Hal ini dikemukakan oleh Ketua Himpunan Ilmuwan Muhammadiyah Prof. Tono Saksono dalam Seminar Evaluasi Awal Waktu Shalat Subuh Menurut Sains dan Fikih di Jakarta, Selasa. Ia mangatakan bahwa waktu masuknya awal Shalat Subuh yang digunakan di Indonesia selama ini terlalu dini. “ Kita terlalu dini 20 hingga 30 menit dari seharusnya. Hasil ini merupakan riset kami dengan alat Sky Quality Meter (SQM), pengukur kecerlangan benda langit,” ungkapnya seperti dilansir oleh Antara.
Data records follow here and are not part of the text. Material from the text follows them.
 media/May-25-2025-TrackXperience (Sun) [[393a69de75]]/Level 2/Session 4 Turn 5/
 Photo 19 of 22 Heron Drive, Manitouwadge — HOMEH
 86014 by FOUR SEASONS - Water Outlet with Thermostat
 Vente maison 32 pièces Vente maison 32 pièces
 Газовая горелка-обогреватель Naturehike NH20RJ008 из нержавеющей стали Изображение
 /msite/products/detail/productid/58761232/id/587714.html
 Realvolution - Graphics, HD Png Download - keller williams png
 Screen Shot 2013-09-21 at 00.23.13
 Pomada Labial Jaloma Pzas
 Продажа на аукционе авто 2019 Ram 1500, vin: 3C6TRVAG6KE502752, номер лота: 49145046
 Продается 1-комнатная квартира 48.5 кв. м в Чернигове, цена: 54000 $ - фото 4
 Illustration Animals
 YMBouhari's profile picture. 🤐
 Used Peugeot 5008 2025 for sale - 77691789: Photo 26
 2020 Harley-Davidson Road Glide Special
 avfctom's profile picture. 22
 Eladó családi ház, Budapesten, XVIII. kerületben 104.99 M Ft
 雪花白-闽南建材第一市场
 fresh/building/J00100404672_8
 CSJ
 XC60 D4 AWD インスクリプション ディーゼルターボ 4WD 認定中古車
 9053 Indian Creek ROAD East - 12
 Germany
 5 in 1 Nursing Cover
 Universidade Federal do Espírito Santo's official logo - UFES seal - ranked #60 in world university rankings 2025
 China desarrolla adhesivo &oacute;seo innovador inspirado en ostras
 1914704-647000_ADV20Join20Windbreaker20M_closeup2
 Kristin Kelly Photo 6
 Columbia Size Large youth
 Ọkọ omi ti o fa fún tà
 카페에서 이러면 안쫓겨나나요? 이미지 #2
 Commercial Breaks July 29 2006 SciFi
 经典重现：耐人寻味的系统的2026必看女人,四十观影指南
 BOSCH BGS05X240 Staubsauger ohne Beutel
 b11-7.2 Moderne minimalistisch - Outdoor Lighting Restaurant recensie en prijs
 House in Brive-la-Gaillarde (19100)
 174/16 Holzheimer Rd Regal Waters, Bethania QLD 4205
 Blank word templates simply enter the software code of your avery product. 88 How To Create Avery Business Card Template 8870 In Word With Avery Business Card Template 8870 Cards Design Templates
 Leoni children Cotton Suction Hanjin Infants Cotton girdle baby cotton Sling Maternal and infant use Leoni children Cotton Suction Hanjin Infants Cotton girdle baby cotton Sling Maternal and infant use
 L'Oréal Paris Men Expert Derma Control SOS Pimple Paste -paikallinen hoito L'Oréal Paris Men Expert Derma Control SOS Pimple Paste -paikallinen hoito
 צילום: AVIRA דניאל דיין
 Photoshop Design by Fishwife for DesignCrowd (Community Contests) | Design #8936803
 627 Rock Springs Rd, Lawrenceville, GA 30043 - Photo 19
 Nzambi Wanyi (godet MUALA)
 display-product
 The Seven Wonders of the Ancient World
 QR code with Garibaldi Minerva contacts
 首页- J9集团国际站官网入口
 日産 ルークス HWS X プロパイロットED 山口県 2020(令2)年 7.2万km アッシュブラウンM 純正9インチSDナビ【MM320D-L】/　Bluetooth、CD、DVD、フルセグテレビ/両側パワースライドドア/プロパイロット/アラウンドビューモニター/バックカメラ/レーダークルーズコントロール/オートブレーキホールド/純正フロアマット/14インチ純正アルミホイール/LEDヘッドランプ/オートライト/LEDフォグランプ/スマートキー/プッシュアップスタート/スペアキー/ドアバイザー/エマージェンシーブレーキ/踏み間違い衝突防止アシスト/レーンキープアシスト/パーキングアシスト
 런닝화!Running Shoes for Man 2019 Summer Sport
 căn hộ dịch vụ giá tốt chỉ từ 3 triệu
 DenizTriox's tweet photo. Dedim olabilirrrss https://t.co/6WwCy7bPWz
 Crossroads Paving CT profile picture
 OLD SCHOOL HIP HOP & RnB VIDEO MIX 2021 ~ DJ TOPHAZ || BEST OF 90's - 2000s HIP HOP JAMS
Aelama ini fajar dianggap telah terbit ketika matahari pada posisi sudut depresi 20 derajat di bawah ufuk. Kondisi ini yang setara dengan 80 menit sebelum matahari terbit. Hasil observasi sementara, fajar dimulainya Shalat Subuh bagi umat Islam Indonesia baru terjadi saat sudut depresi matahari pada kisaran 11 hingga 15 derajat di bawah ufuk. “Bila dikonversi dalam domain waktu setara dengan 44 sampai dengan 60 menit sebelum matahari terbit. Tidak ada satupun indikasi yang menunjukkan bahwa sinar fajar sebagai tanda awal subuh telah muncul saat matahari berada pada sudut depresi 20 derajat,” katanya.
Penentuan 20 derajat di bawah ufuk merupakan keputusan ulama Melayu di masa lalu untuk menentukan awal masuknya waktu Shalat Subuh. “Akan tetapi dulu memang belum ada peralatan secanggih sekarang. Ketika itu masih mengandalkan pengamatan dengan mata telanjang,”tambahnya.
Hal senada dikatakan oleh Kepala Lembaga Penerbangan dan Antariksa Nasional (Lapan) Prof Dr Thomas Djamaluddin. Menurutnya penggunaan standar 20 derajat di bawah ufuk itu memang sudah waktunya dikoreksi. Jamaluddin mengatakan bahwa perlu pengamatan dari lokasi yang gangguan atmosfernya minimal sehingga tidak akan mendistorsi hasil data. Ketetapan minus 20 derajat tersebut tampaknya diperoleh dari standar yang digunakan di Mesir 19,5 derajat atau dari Saudi 18 derajat di bawah ufuk. Padahal posisi negara-negara tersebut ada di lintang tinggi, dan Indonesia di khatulistiwa.
Menanngapi hal ini Wakil Ketua Lembaga Falakiyah Nahdlatul Ulama (LFNU) Sirril Wafa mengemukakan pula NU siap membuka peluang untuk berubah dan mengusulkan perlunya kerja sama riset terkait astronomi antara NU, Muhammadiyah, MUI, Lapan. Sedangkan Wakil Rektor Uhamka Zamah Sari mengatakan untuk mengoreksi standar yang digunakan selama membutuhkan pengujian lanjutan baik dari segi astronomi maupun pemahaman fikih.